Na conversão para superar o clericalismo e para crescer no espírito e na prática da sinodalidade, a nossa fidelidade a Jesus, que criticou fortemente os abusos de poder, subjugação e dominação sobre os outros por parte dos poderosos do seu tempo, está também em jogo. Face a esta realidade, Jesus exigiu dos seus discípulos: "Não deve ser assim entre vós" (Mt 20,26). E estas palavras aplicam-se também a nós hoje, discípulos missionários de Jesus. Temos de sair de uma mentalidade e prática de abuso de poder, de dominação e comando sobre outras pessoas. Não deve ser assim entre nós. No evangelho de Mateus Jesus também nos lembra o que deve ser o fundamento das nossas formas de nos relacionarmos uns com os outros: Somos todos irmãos e irmãs (Mt 23,8) que partilhamos a dignidade de sermos filhos e filhas amados de Deus e que somos chamados a reconhecer-nos uns aos outros como tal.

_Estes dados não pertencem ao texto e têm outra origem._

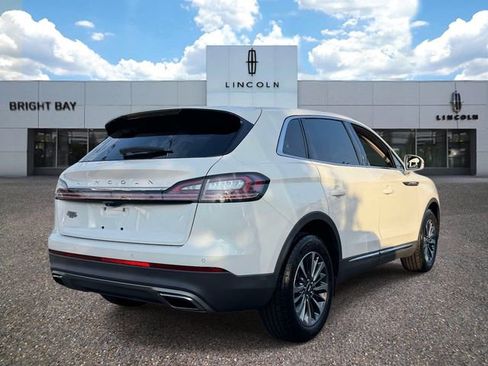 Certified 2022 Lincoln Nautilus AWD w/ Premium Package image 5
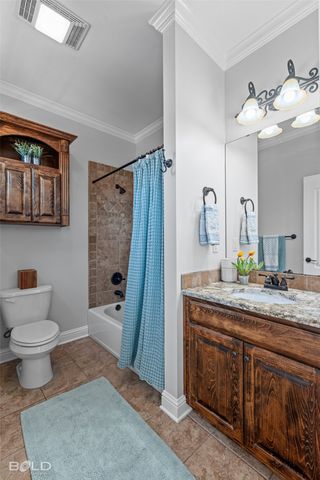918 Royal Circle, Bossier City, LA 71111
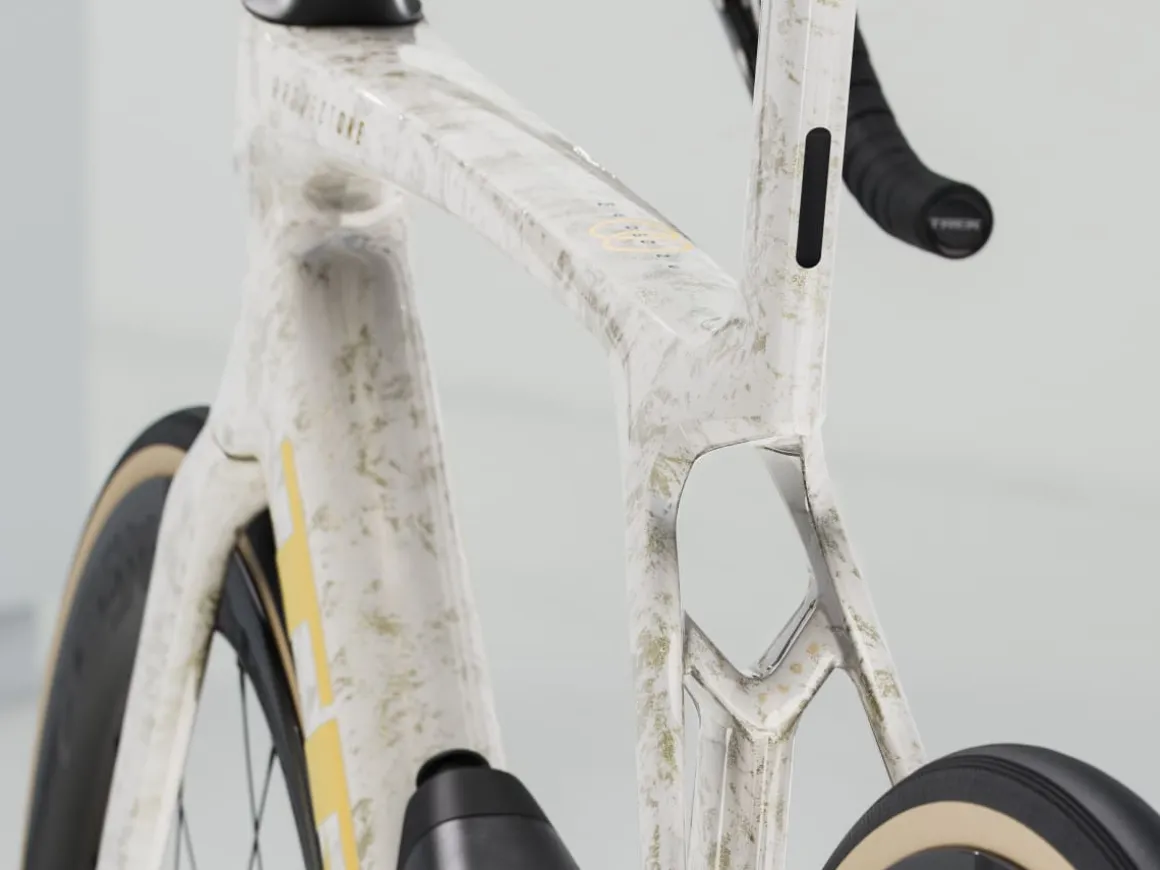 Women Trek Bikes Madone SLR 9 AXS Gen 8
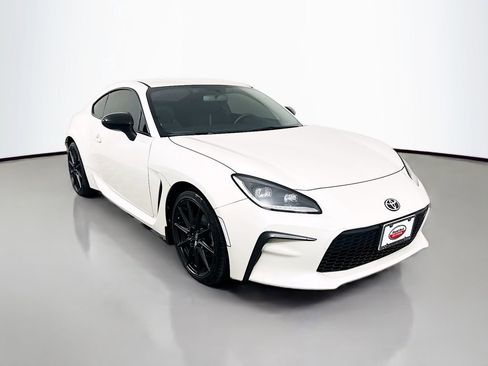 Used 2025 Toyota GR86 Premium RWD image 3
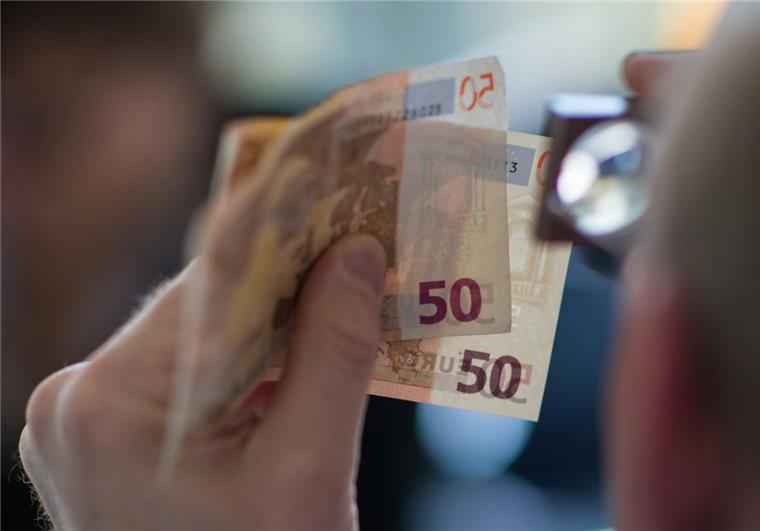 Bremerhaven: Es taucht vermehrt Falschgeld auf In Bremerhaven wurde jetzt vermehrt Falschgeld in den Umlauf gebracht.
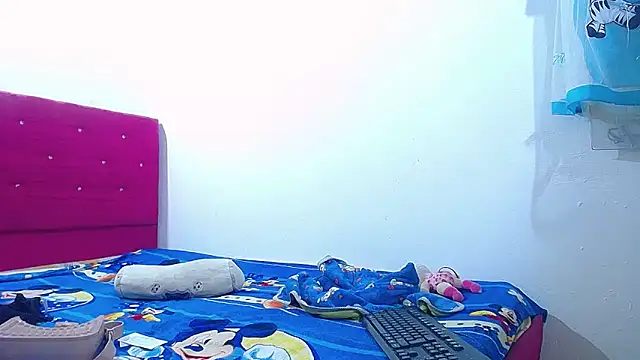 candy_dustano691 webcam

Pertencemos à grande família humana que todos nós formamos juntos e da qual ninguém deve ser excluído. Corresponde ao espírito de Jesus de superar as formas verticais de relacionamento e de crescer em relações de tecelagem baseadas no respeito e apreciação mútuos, na empatia, na busca comum do que é certo e na solidariedade, na atitude de serviço mútuo levado a cabo com um profundo sentido de dignidade. Acolhamos o convite do Espírito para nos tornarmos uma comunidade de irmãos e irmãs, ajudando-nos a viver com um coração aberto à audácia do Espírito que deseja conduzir a Igreja por caminhos de profunda transformação e renovação.

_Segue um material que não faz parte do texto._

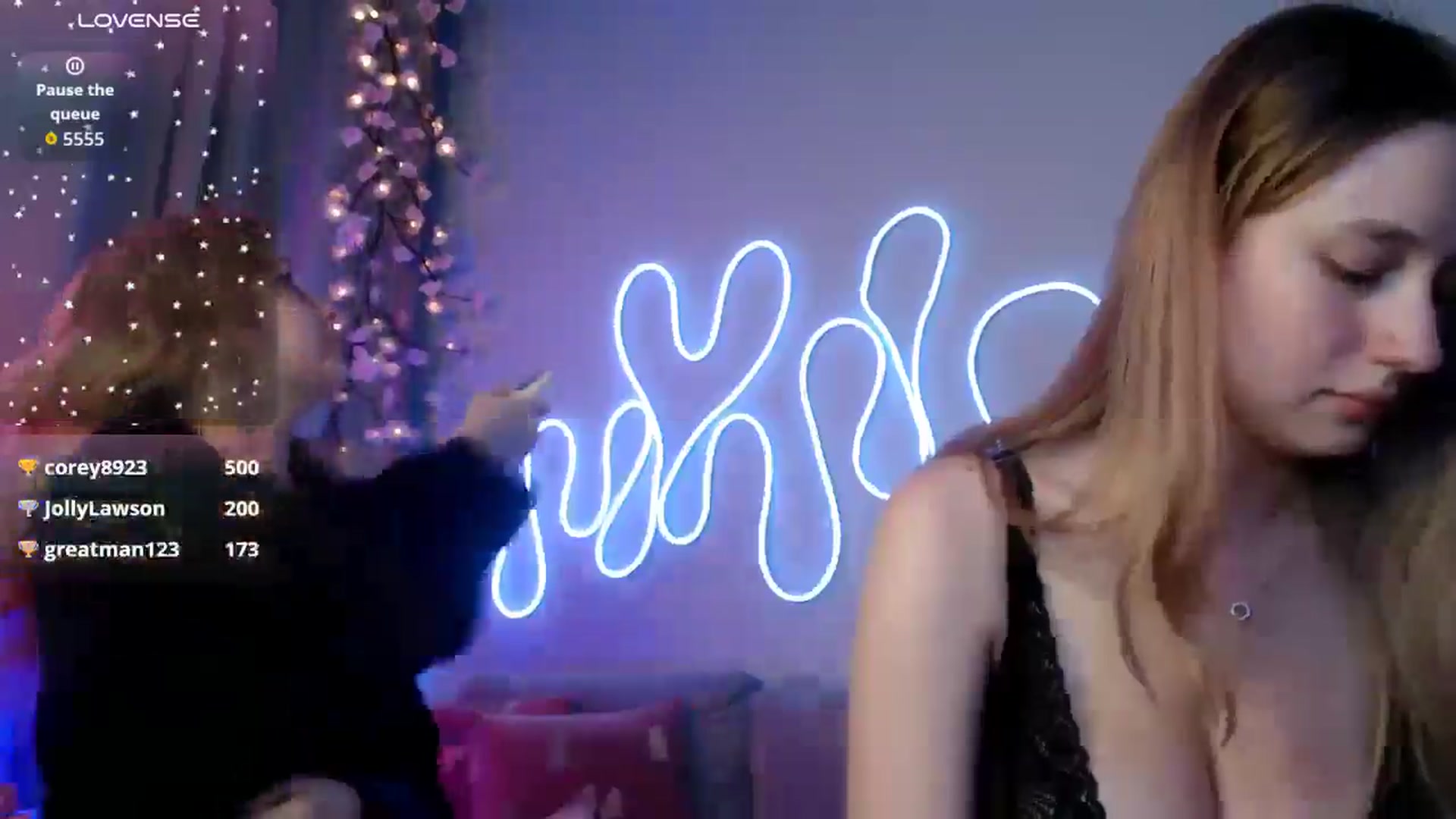 Gallery image thumbnail from NicolePax's myfreecams stream on, 12/01/2025, 14:03 image 18 of 20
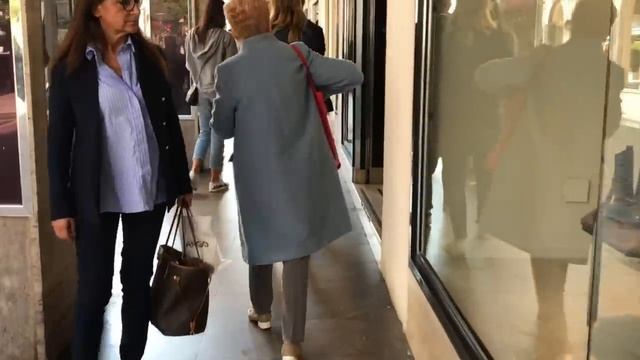 одежда плюс сайз - как одета итальянка, которая носит большой размер одежды? смотреть онлайн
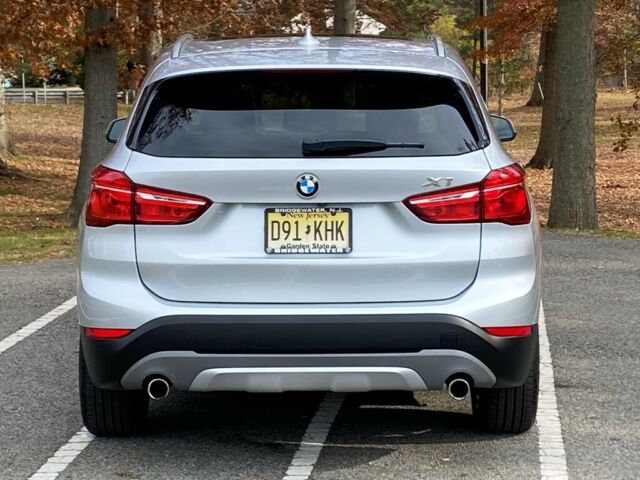 2018 BMW X1 (Silver/Black)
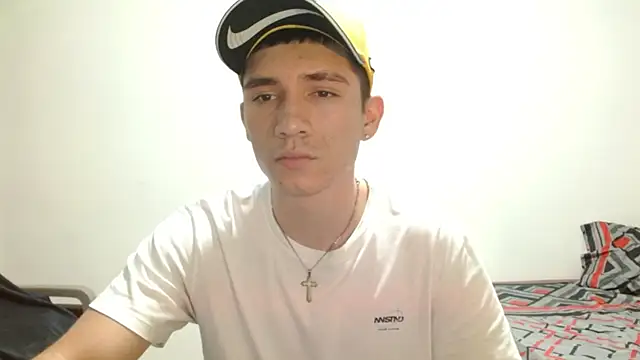 ChicoMaloFfF online show from April 25, 2026, 12:35 am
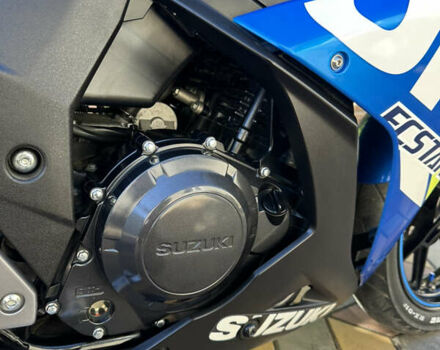 Серый Сузуки GSX 250R, объемом двигателя 0.25 л и пробегом 1 тыс. км за 3550 $, фото 7 на Automoto.ua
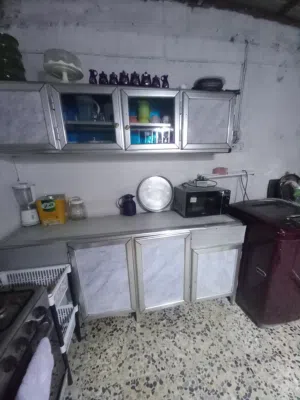 كاونتر المنيوم مستعمل 4 ابواب 3 قطع ب200 وبيه مجال للاستفسار للاتصال على الواتساب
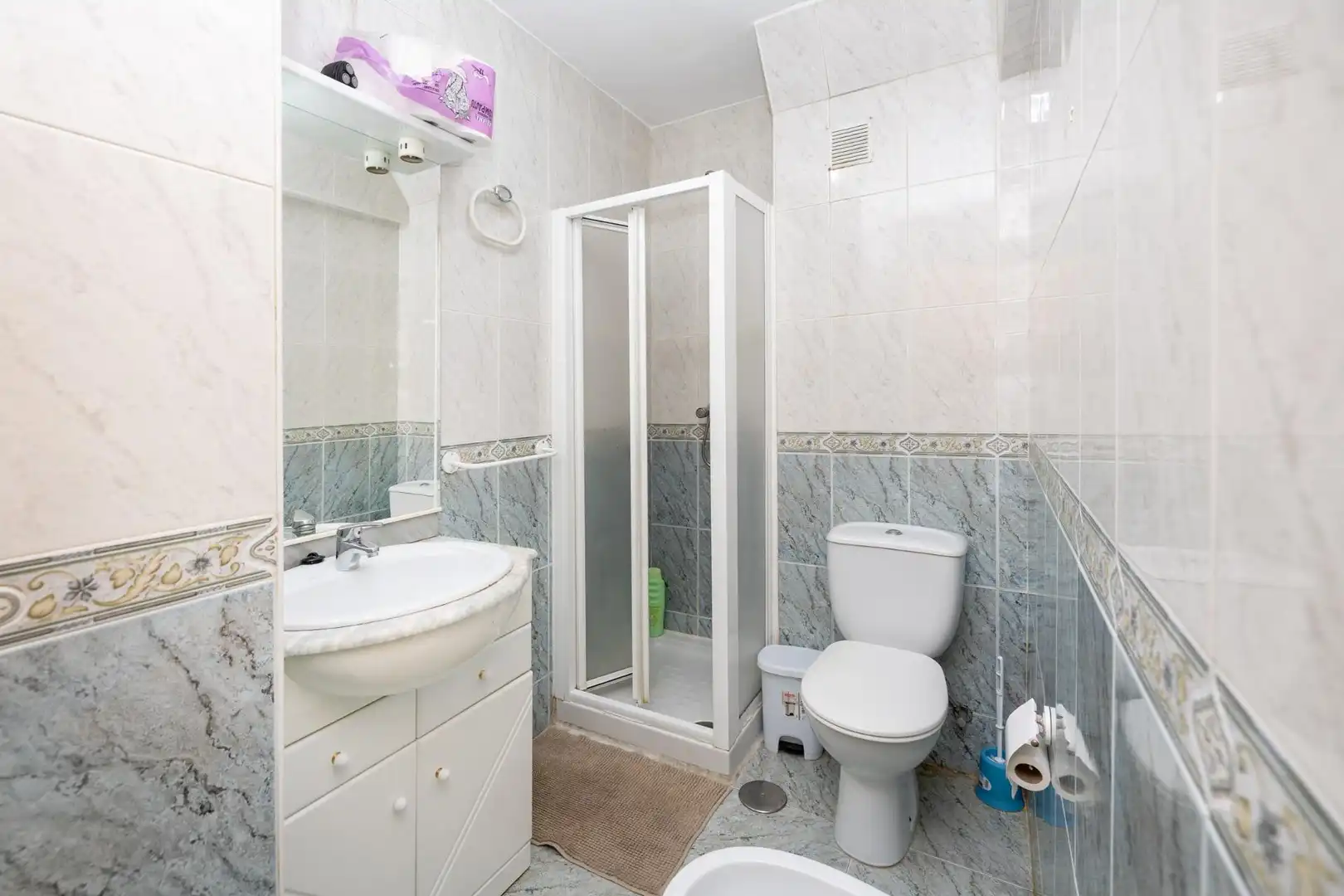 Bathroom of Flat for sale in Granada  with Terrace, Furnished and Balcony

Não esqueçamos que uma Igreja sinodal não deve ser auto-referencial, mas sim chamada a ser uma Igreja missionária que sai; uma Igreja que escuta o grito dos pobres que têm muitos rostos e o grito da terra, ambos cada vez mais intensos e intimamente ligados. Pois a nossa terra também sofre e é levada à beira do colapso pelos nossos abusos de poder no nosso tratamento da mesma. Amemos e honremos a Deus, cuidando da parte da criação que Ele nos confiou e, assim, cuidando das nossas próprias vidas e das dos nossos irmãos e irmãs, especialmente dos mais vulneráveis. É uma parte integrante de caminharmos juntos num espírito sinodal.
Este é um tempo kairós, um momento denso e pleno da graça de Deus que exige a nossa resposta. Acolhamos com um coração aberto e generoso este momento de graça para a nossa Igreja na América Latina e no Caribe. Como se diz numa canção religiosa da minha terra natal: "Agora é o momento, esta é a hora" de agir e acolher a novidade de Deus para o bem de todo o povo de Deus e da sua missão nesta Região. Muito obrigada pela vossa atenção.